Football | Africa

Port Said residents © Action Images

Anger in Port Said mounts after killings



Port Said residents horrified by the football violence that left 74 people dead in their city accused police of incompetence on Thursday, some alleging a plot to enflame nationwide unrest.

Troops were stationed around the sprawling northern hub to prevent more violence after Wednesday night's unrest, but the city was calm as people gathered outside hospitals treating the hundreds of wounded.

Witnesses spoke of fans being crushed by the panicked crowds, trampled, beaten, stabbed and trapped as the anti-riot police were not able, or did not want, to control the crowds.

"The lack of security was not normal," charged one resident Medhat Mokhtar Naim who had been at the match between home-side Al-Masry and their fierce rival and Cairo star team Al-Ahly and saw people trapped in the stands.

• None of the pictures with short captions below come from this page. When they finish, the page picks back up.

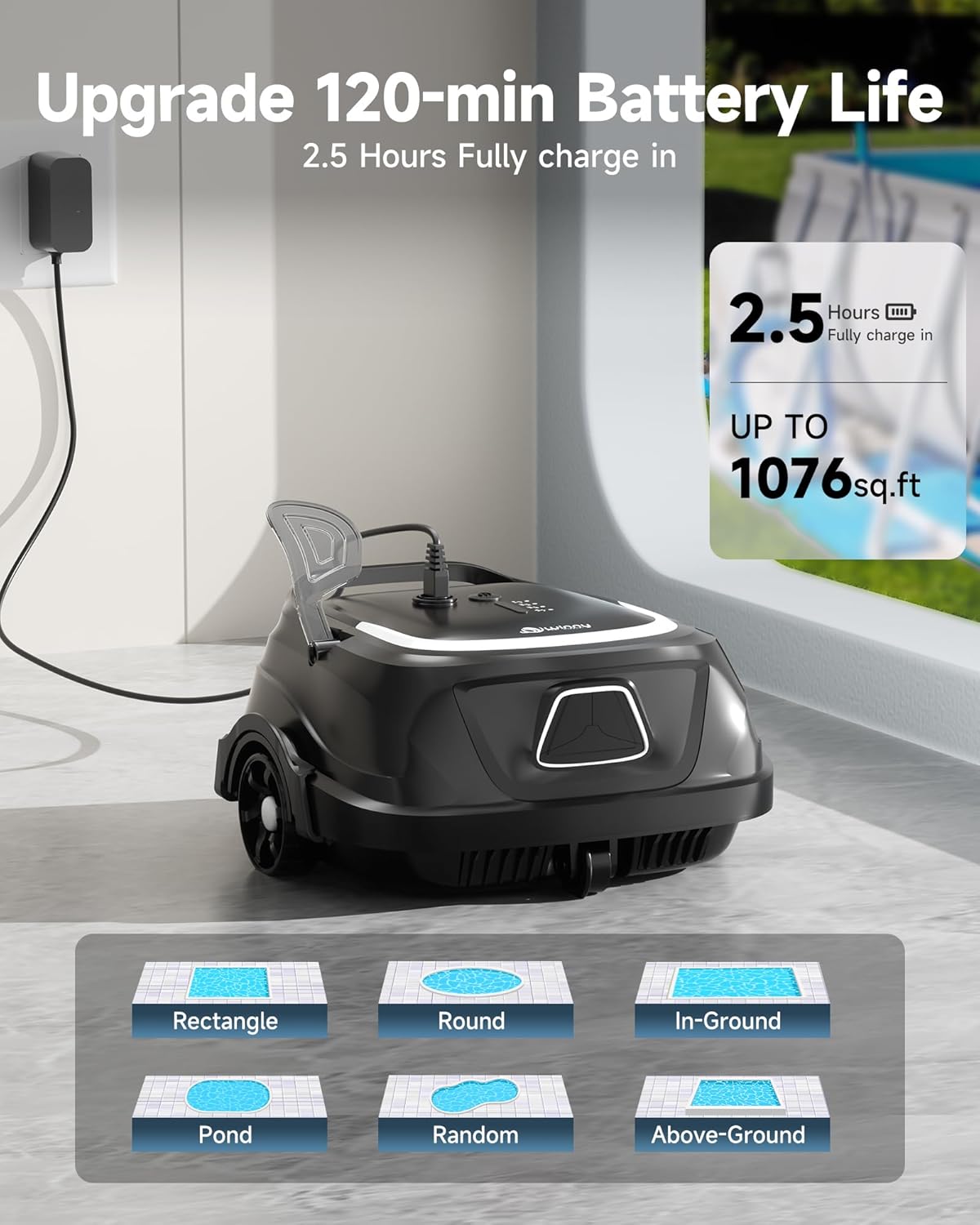 Cordless Robotic Pool Cleaner Bundle, APP-Controlled Inground & Above Ground Pool Vacuum with Wall & Waterline Cleaning (1614 Sq.ft) + A1 Robotic Pool Vacuum with Dual Filters & Self-Parking (1076 Sq.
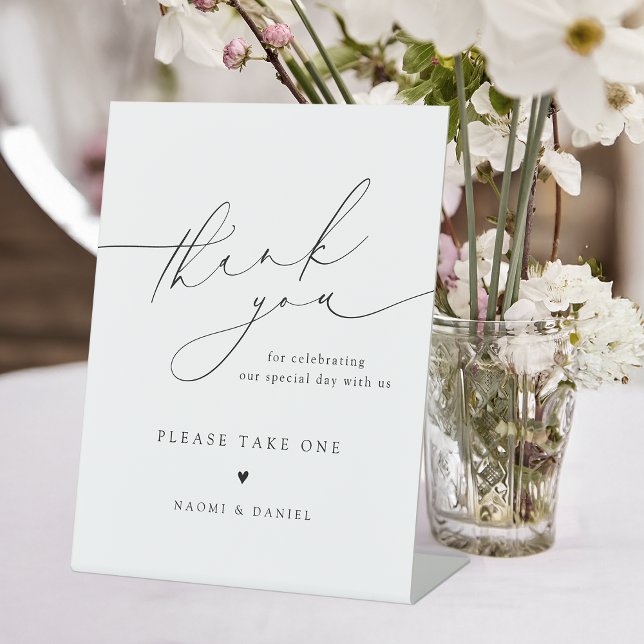 Thank you script wedding favours please take one pedestal sign (Thank you script wedding favors please take one pedestal sign)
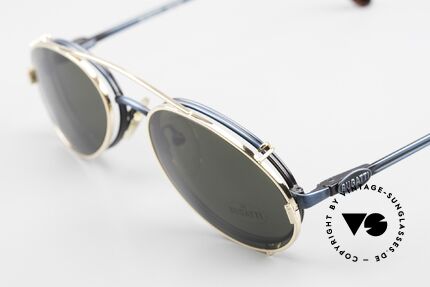 Bugatti 05728 Rare 90's Eyeglasses Clip On, 1st class wearing comfort & with gold-plated Clip-On, Made for Men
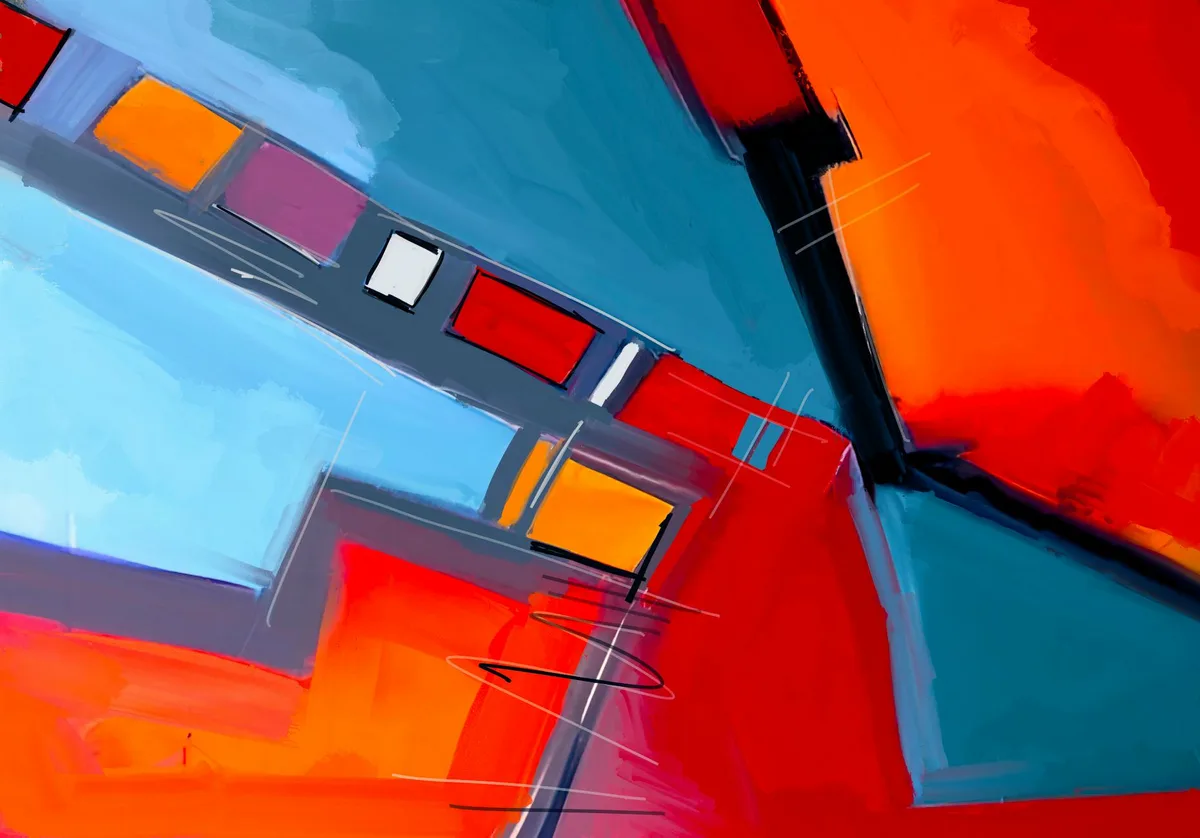 Formas geométricas ousadas em cores vivas em pintura abstrata dinâmica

"The security forces did nothing," added a young man, who gave his name only as Mohammed. "They just let people enter freely, the searches were not done properly."

Others questioned why police dogs were not brought out or security reinforced, with tension already brewing at halftime.

"What happened was a plot!" interjected another man on the pavement.

Another said "they should have reinforced security. That was not done, and then the lights went off."

"That was done on purpose, and it was planned so that there would be chaos," added Abdelfattah Mohammed, among the many who allege a deliberate attempt to feed insecurity a year after the fall of long-time ruler Hosni Mubarak.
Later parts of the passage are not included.